Ne nous y trompons pas : l’objectif de Chat Control est précisément d’instaurer la surveillance généralisée de toutes nos communications. La lutte contre la pédocriminalité n’est qu’un paravent permettant une approbation assez consensuelle. En effet, qui pourrait s’opposer a priori à un règlement censé protéger les enfants de la pédocriminalité ? L’argument est imparable, mais fallacieux.
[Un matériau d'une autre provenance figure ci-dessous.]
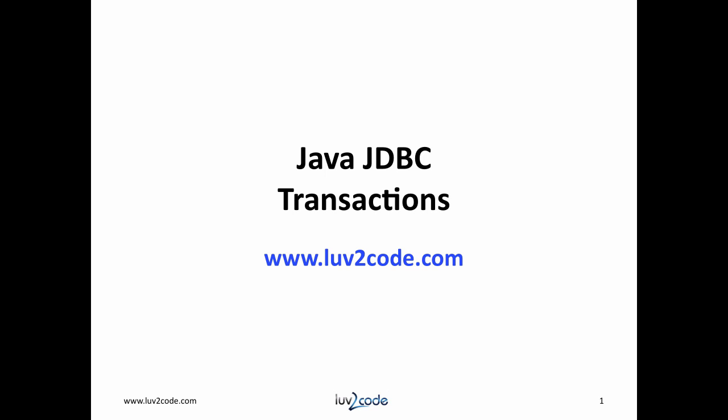Hi, this is Shaab with lovetocode.com. Welcome back to another tutorial on Java JDBC.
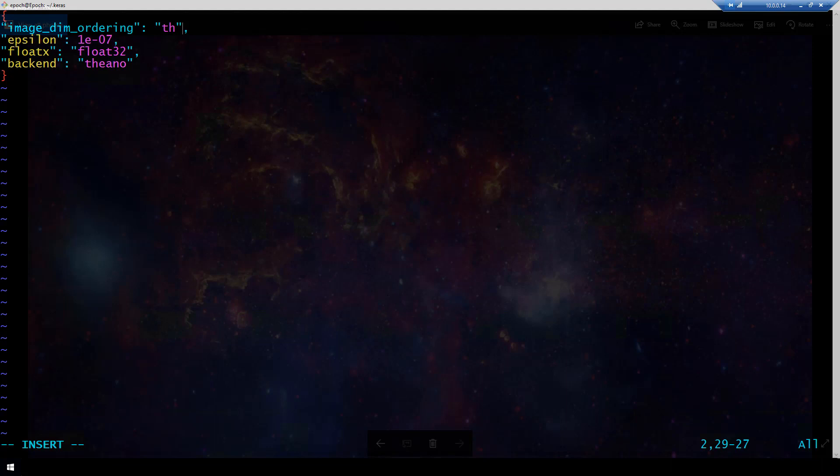So I hope you found this helpful. There's also documentation on the Keras website that gives details about Keras backend. If you found this helpful please like the video and subscribe. Thanks!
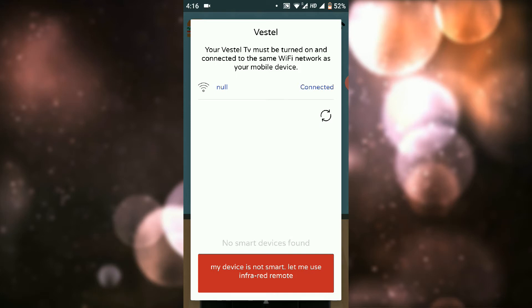If you want to connect with your Wi-Fi, you will be able to operate. If you want to use Wi-Fi, let me click the Infrared Remote button.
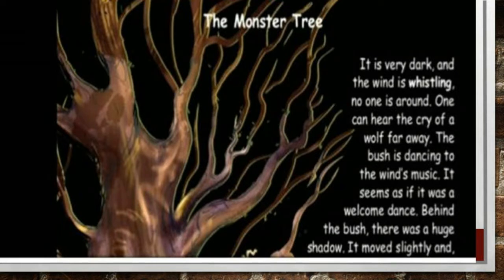The Monster Tree. It is very dark and the wind is whistling. No one is around. One can hear the cry of a wolf far away. The bush is dancing to the wind's music. It seems to be a welcome dance. Behind the bush, there was a huge shadow. It moved slightly and for a second, everything was quiet. No wind, no movement — nothing was there.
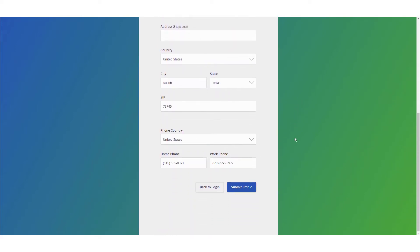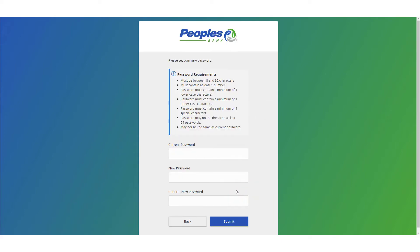Review the profile screen. If any information listed will need to be changed, the updates can be made within the address change form under Settings. Click Submit Profile when done.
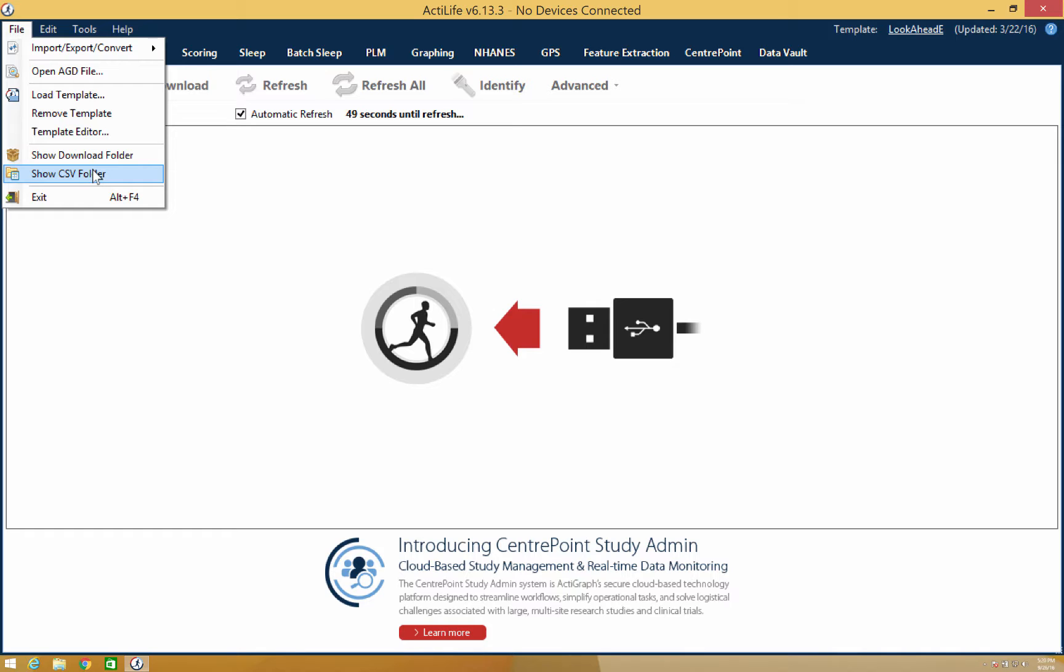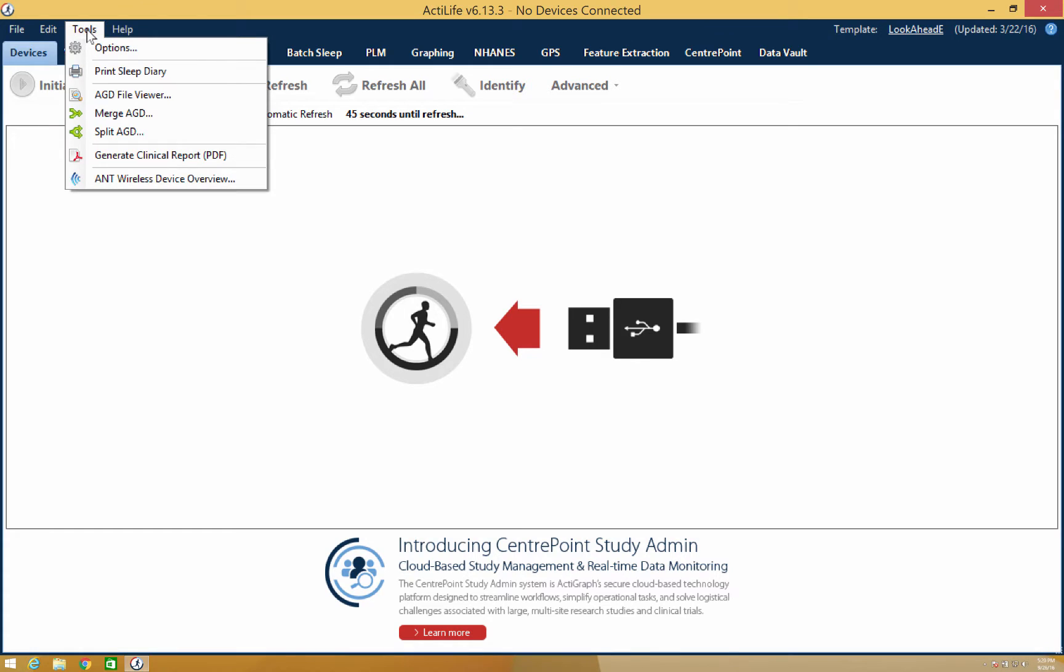The next option that we will cover is the Tools tab. Under Tools, we'll first look at the options.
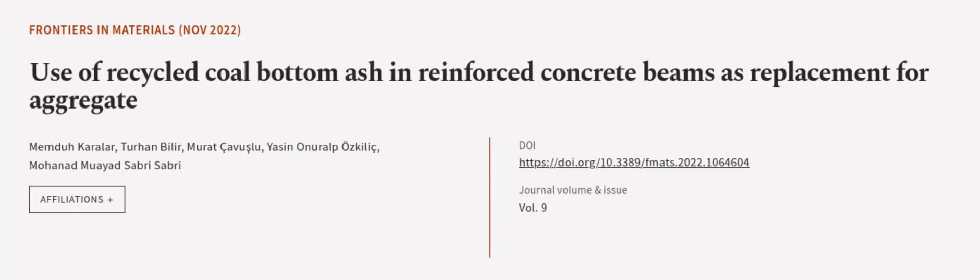This article was authored by Memda Keralar, Turhan Byler, Murat Kavuslu, and others. We are article.tv, links in the description below.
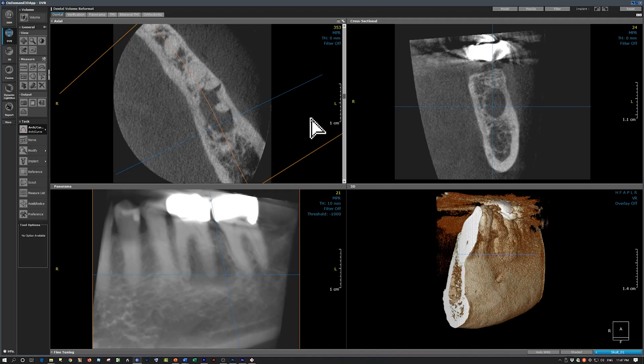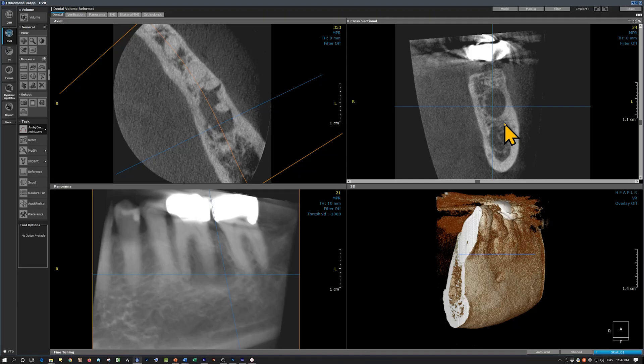So, what is this lesion? From these images, we can conclude that this is not a radicular cyst. This is a linear radiolucency — sort of a pipe or a tunnel. And we can conclude that this is an odontogenic keratocyst.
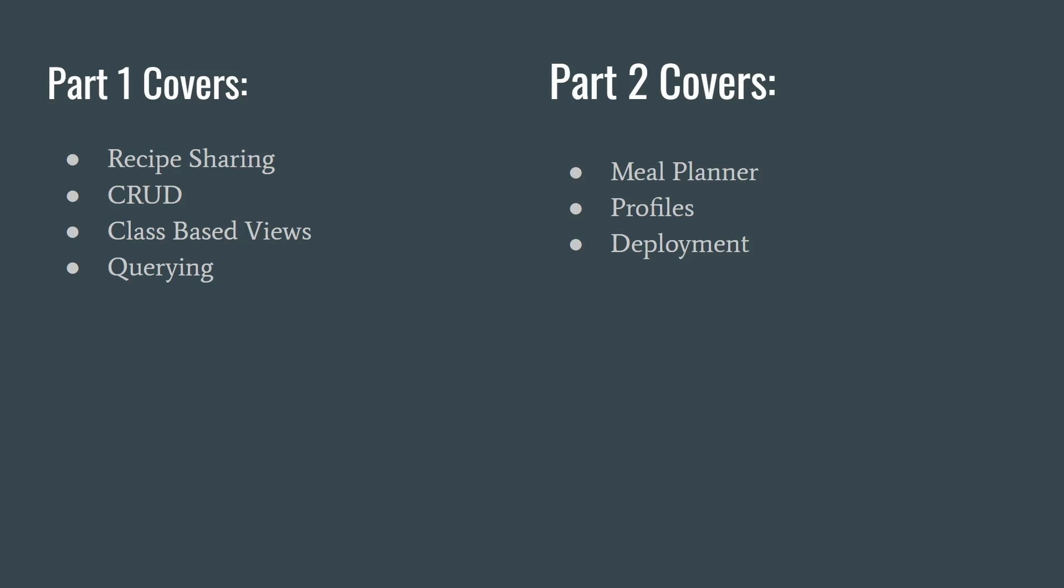Part two is going to cover the meal planner side. The meal planner is what's going to allow you to go into that recipe bank and plan out your meals for that week. That will also cover the creating of user profiles, storing the meal planners to the profile and the user, and then it will cover the final deployment to a cloud hosting provider.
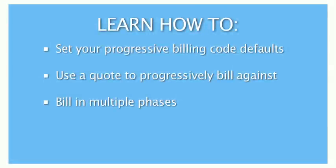Welcome to our tutorial on Progressive Billing. Progressive Billing is the term used to describe the process of billing a job in multiple stages, whether it's simply a large quote being broken into multiple invoices, or a job that is being billed in stages.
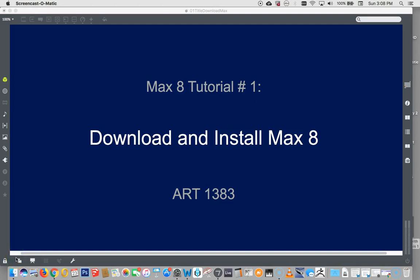Hello. Welcome to a new page in the book for Max 8. This is tutorial number one, how to download and install Max 8. We're really going to do it, so let's just get right to it.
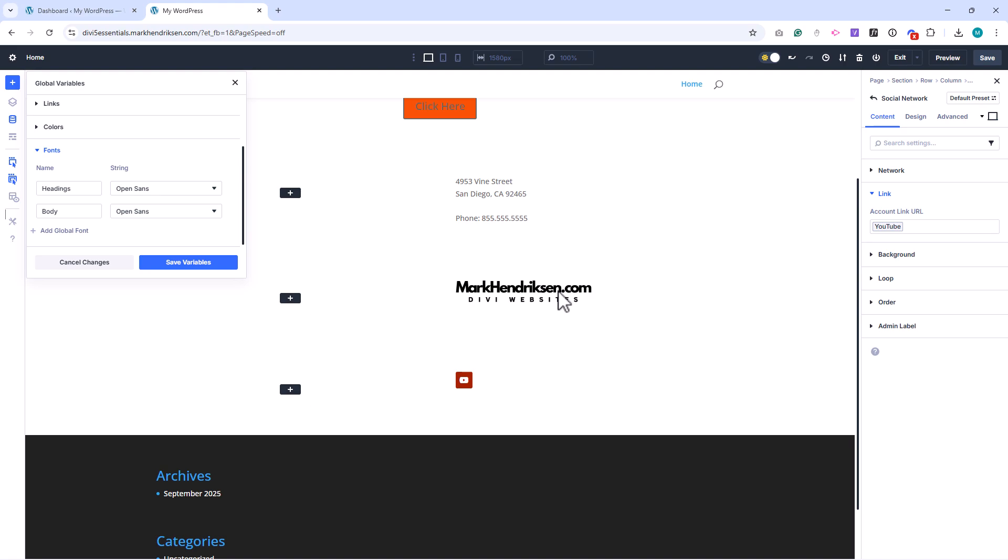That's how you set up your global colors, fonts, and design system in Divi 5. In the next lesson, we'll build on this by exploring style presets and how they help maintain consistency across your designs.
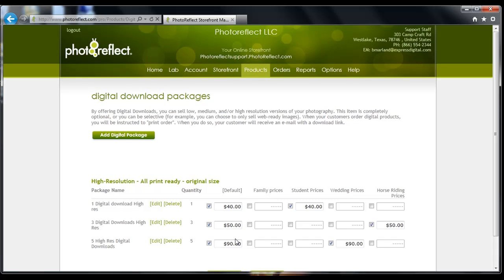This concludes our tutorial on setting up pricing groups on Photoreflect. For further support, please check out our other tutorial videos or email us at support@photoreflect.com.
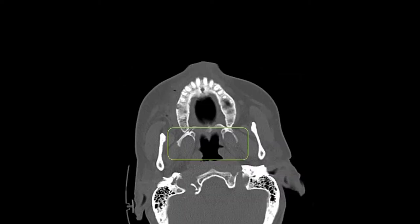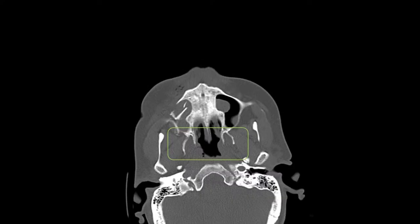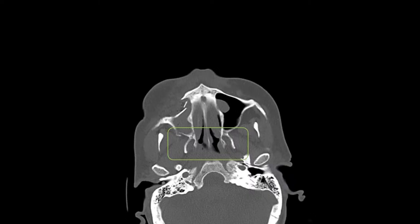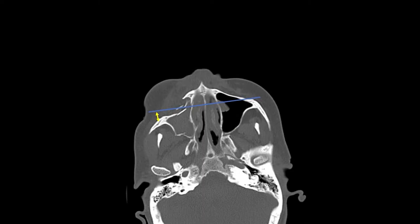We'll start by examining some notable findings. Here in the green rectangle shows bilateral pterygoid plates. Scrolling through, you can see there may be a hairline fracture located here, but the slice above shows the pterygoid is intact. So this particular patient does not have bilateral pterygoid fractures. I anticipate that the patient's palate is not mobile and there is no malocclusion.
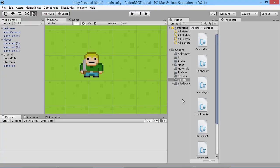Hey everybody, this is gamesplusjames and welcome back to our Unity RPG tutorial series. In the last episode we created a way for our player to attack our enemies, but now we need to create an actual system for our enemies to have some health. At the moment our player can immediately kill everybody, which we don't want. We need enemies having different levels of health to add difficulty.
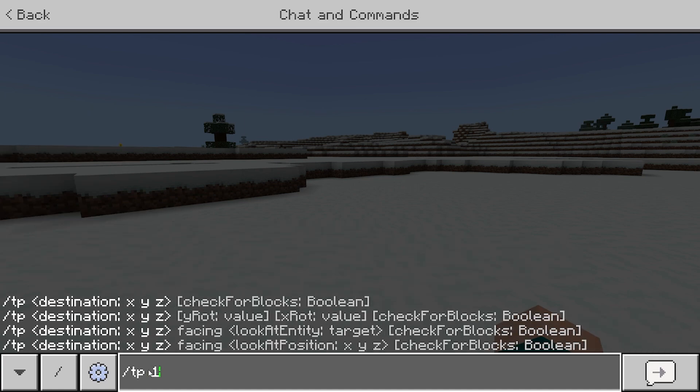So let's say we're trying to teleport to these coordinates in particular, 1, 3, 4. This is the X coordinate.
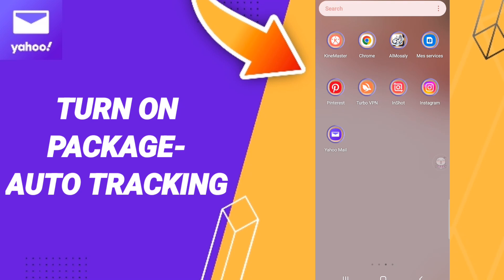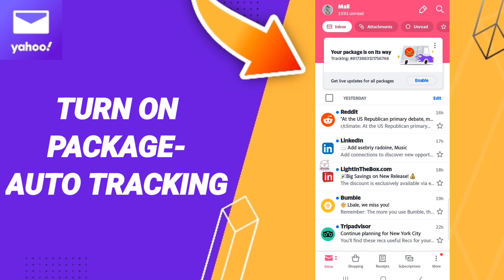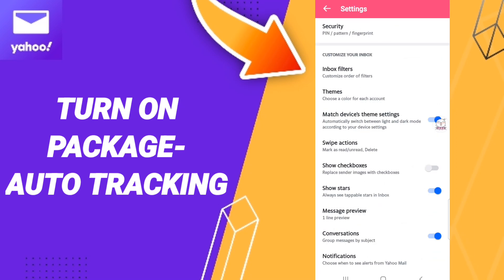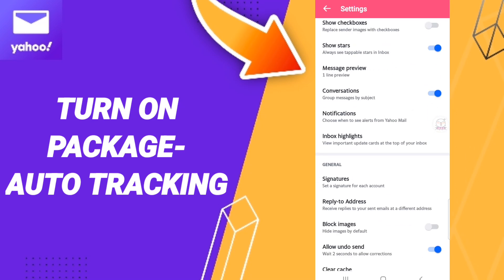Go to the Yahoo Mail app and click. After that, on this page, go up to the profile window. When you find this list, click Settings. Here in this list you will enter Inbox Highlights.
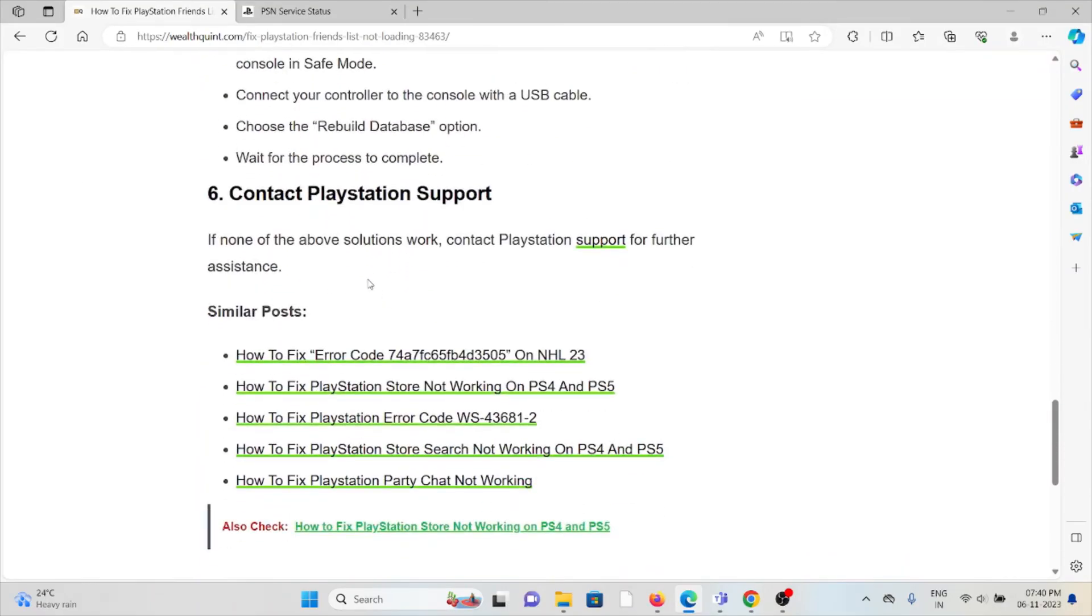The sixth method is to contact PlayStation Support. If you've tried all other troubleshooting methods and the problem persists, you can contact the PlayStation Support team for further assistance. They have the expertise to help you fix the problem and provide the best solution.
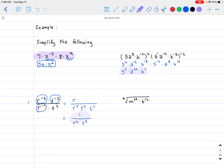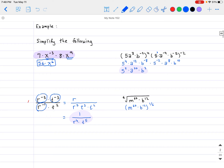For the final question, we deal with the sixth root of the expression. Let's rewrite it using our definition: m to the 60th power times b to the 12th power, raised to the power of one sixth. Now multiply the one sixth into each exponent: m to the power of 60 divided by 6, which is m to the 10th, multiplied by b to the power of 12 divided by 6, which is b squared. So the final answer is m to the 10th times b squared.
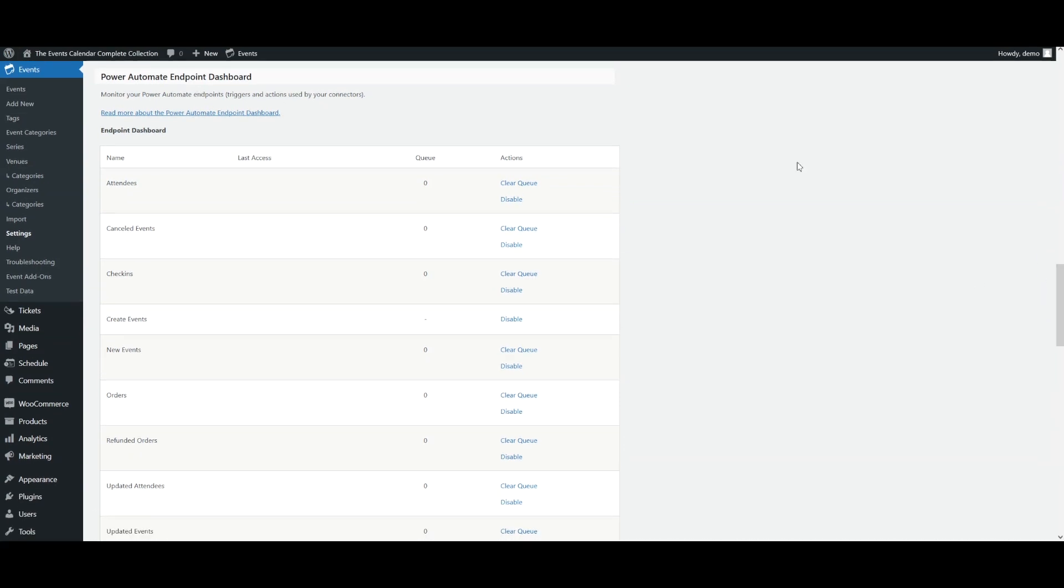The dashboard lists all endpoints available for The Events Calendar and Event Tickets Power Automate Connectors.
Tout comme la prétendue lutte contre le terrorisme en France ne sert qu’à criminaliser les opposants politiques comme les militants écologistes radicaux ou les soutiens à la Palestine.

François Hollande n’hésitait pas à déclarer en 2015, au moment de la COP21, à propos des arrestations préventives censées assurer la sécurité de l’événement : «Imaginons qu’il n’y ait pas eu les attentats, on n’aurait pas pu interpeler les zadistes pour les empêcher de venir manifester». Ici, c’est la lutte contre la pédopornographie qui est instrumentalisée afin d’imposer la surveillance de potentiel·es opposant·es politiques et, de ce fait, la censure.

En outre, Chat Control imposerait notamment une vérification d’âge à tous les utilisateurs et utilisatrices, et donc de mettre une pièce d’identité. Or, cela signifierait la mise à mort de l’anonymat en ligne. En plus de laisser de côté toute personne ne disposant pas de papiers d’identité, cela permettrait d’identifier et localiser les opposant·es politiques, les lanceurs d’alerte, les militant·es…

L’Union Européenne, cela représente un énorme marché de 450 millions de consommateurs. Si à l’heure actuelle des entreprises comme Signal ont affirmé qu’elles quitteront l’UE si le chiffrement de bout en bout devenait interdit, elles pourraient changer d’avis, et proposer une version spéciale de l’application pour l’Union Européenne, qui deviendrait de facto un gigantesque laboratoire de la surveillance de masse. De quoi faire rêver tous les gouvernements fascistes.

Ce texte n’est pas encore voté, et il existe encore de nombreuses pistes pour empêcher qu’il voie le jour. Déjà, le Parlement européen avait pris position contre ce texte en 2023, lui mettant de nombreux garde-fous. De nombreux pays y restent également opposés. Enfin, une pétition a été lancée par l’EDRi : Stop Scanning me.